_TASK ITEM_. Only the lines from the one with "2 Pinos guia 2 PASTILHAS DO FREIO" through the final line below belong in the answer, copied exactly and without pictures.
_ _ _ _
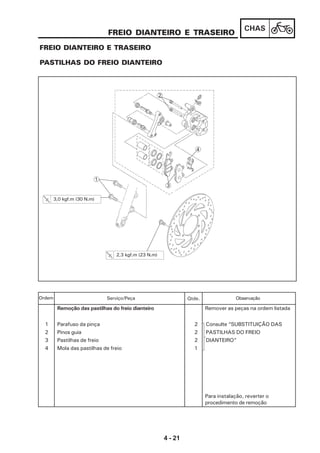 4 - 21
CHAS
FREIO DIANTEIRO E TRASEIRO
PASTILHAS DO FREIO DIANTEIRO
FREIO DIANTEIRO E TRASEIRO
Remoção das pastilhas do freio dianteiro Remover as peças na ordem listada
1 Parafuso da pinça 2 Consulte “SUBSTITUIÇÃO DAS
2 Pinos guia 2 PASTILHAS DO FREIO
3 Pastilhas de freio 2 DIANTEIRO”
4 Mola das pastilhas de freio 1
Para instalação, reverter o
procedimento de remoção
Serviço/Peça Qtde. ObservaçãoOrdem
1
3
4
2
2,3 kgf.m (23 N.m)
3,0 kgf.m (30 N.m)
 
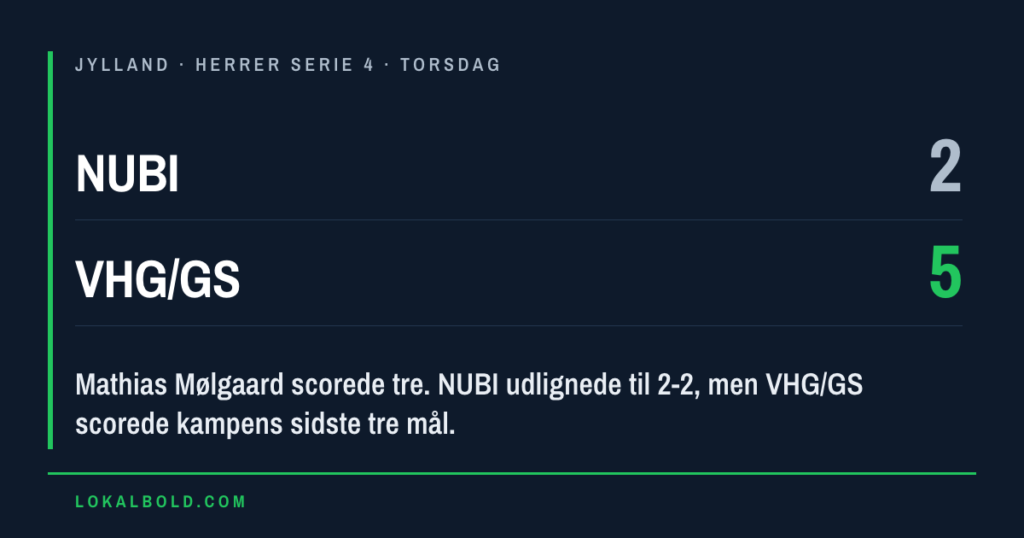 Mølgaard scorede tre, da VHG/GS vandt 5-2 hos NUBI
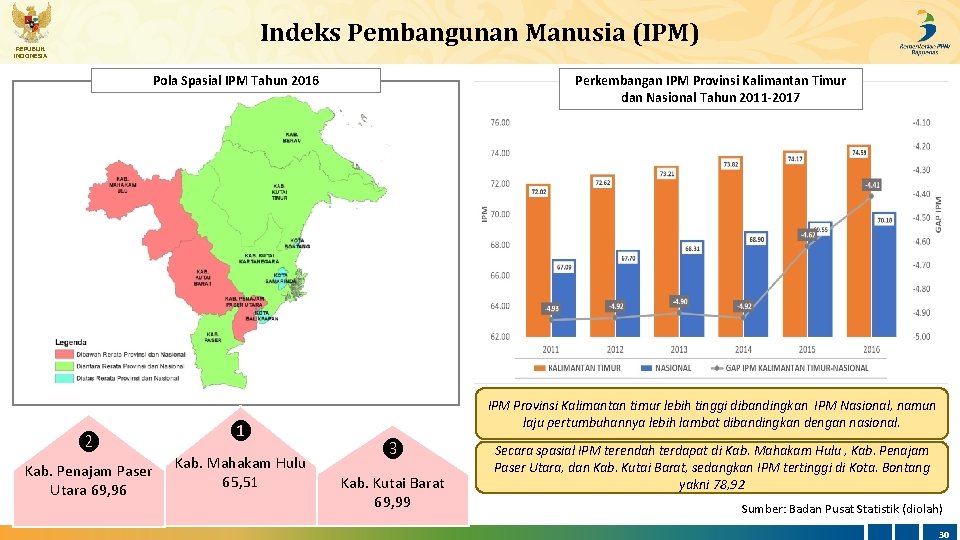 Indeks Pembangunan Manusia (IPM) REPUBLIK INDONESIA Pola Spasial IPM Tahun 2016 ❷ Kab. Penajam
_ _ _ _
_TASK OUTPUT_.
2 Pinos guia 2 PASTILHAS DO FREIO
3 Pastilhas de freio 2 DIANTEIRO”
4 Mola das pastilhas de freio 1
Para instalação, reverter o
procedimento de remoção
Serviço/Peça Qtde. ObservaçãoOrdem
1
3
4
2
2,3 kgf.m (23 N.m)
3,0 kgf.m (30 N.m)
 
 Mølgaard scorede tre, da VHG/GS vandt 5-2 hos NUBI
 Indeks Pembangunan Manusia (IPM) REPUBLIK INDONESIA Pola Spasial IPM Tahun 2016 ❷ Kab. Penajam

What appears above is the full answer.